[FoRK] Freakin' California...

Jeff Bone <jbone at place.org> on Thu Mar 20 22:18:10 PDT 2008

On Mar 20, 2008, at 3:26 PM, Bill Humphries wrote:

> Jesus on a pogo stick Bone, you're sounding like a Live Journal  
> drama queen these days.

I've been puzzling over this for several hours now, and despite some  
cursory research --- even in my slumming mode, I don't tend to  
frequent Live Journal blogs --- I'm still a bit puzzled.  But it  
occurs to me that my half-hearted attempt at pithy humor may have been  
lost on some folks around these parts, so let me spell it out for you.

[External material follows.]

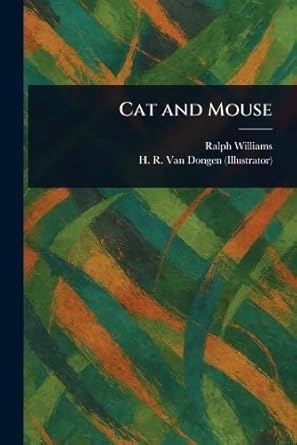 cat and mouse 1st edition ralph williams ,h r van dongen 1023029618, 978-1023029612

I don't necessarily have any truck with people who (over-) partake of  
the evil weed, but I don't have much use for them either.  Literally;   
in my experience people who toke up on a regular basis are generally  
fairly useless.  I'm all for legalizing drugs, but by the same token,  
stoned idiots are an impediment to getting things done.  I live 7  
miles from my office;  it takes me 7 minutes to get to my office  
building in traffic, and then another 30 minutes to get parked and  
into the office per se.  Why?  My office is in the same building as  
the world headquarters of Whole Foods, and FUCKING STONED PATCHOULI- 
SMELLING HIPPIES CAN'T FUCKING DRIVE.  They're goddamn obliviously  
inconsiderate, and they drive like they're fucking 80 years old in  
their 20 year-old Volvos and "Smart" Cars and shit.  30 minutes to  
"commute" down three levels of parking garage.  Fucking ridiculous.  I  
vacated the Bay Area in part to escape that shit, and look at me now.   
Sitting behind a fucking stoned soccer-mom equivalent with "The  
Goddess Rules" and "Visualize Whirled Peas" and a giant hemp leaf  
stickered all over the back of her fuel-efficient beater, for 30  
minutes, because she's got to stop for every fucking cockroach that  
needs to crawl across the garage floor.

Don't get me started about the heinous elevator etiquette.  Unreal.   
And we have IT on the floors above and below us;  nothing worse than  
fucking hippy geeks.

Perhaps there should be, like, a giant year-long summer camp for them  
somewhere.  Oh, wait, we have that;  it's called CALIFORNIA.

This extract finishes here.